> _Task statement_
Scan the records below for the line with "Bloch Girls Black" and the line with "GRAMICCI】F/CE INSULATION JACKET". Repeat those two lines and every line between them exactly, and nothing else.
[Opening Source data section]
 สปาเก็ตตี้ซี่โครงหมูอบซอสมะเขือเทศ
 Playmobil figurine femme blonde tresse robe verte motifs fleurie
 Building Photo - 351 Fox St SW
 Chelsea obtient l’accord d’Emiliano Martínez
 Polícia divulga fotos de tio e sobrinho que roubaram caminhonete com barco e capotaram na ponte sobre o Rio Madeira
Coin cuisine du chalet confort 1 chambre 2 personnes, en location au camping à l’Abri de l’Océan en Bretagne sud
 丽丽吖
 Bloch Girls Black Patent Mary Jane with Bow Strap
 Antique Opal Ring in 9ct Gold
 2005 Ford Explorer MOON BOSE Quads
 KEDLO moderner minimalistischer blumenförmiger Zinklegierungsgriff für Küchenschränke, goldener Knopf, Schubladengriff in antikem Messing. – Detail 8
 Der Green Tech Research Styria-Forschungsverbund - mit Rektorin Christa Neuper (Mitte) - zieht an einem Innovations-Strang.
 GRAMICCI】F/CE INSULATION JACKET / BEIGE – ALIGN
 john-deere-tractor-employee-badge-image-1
[Closing Source data section]
> _Your response_
 Bloch Girls Black Patent Mary Jane with Bow Strap
 Antique Opal Ring in 9ct Gold
 2005 Ford Explorer MOON BOSE Quads
 KEDLO moderner minimalistischer blumenförmiger Zinklegierungsgriff für Küchenschränke, goldener Knopf, Schubladengriff in antikem Messing. – Detail 8
 Der Green Tech Research Styria-Forschungsverbund - mit Rektorin Christa Neuper (Mitte) - zieht an einem Innovations-Strang.
 GRAMICCI】F/CE INSULATION JACKET / BEIGE – ALIGN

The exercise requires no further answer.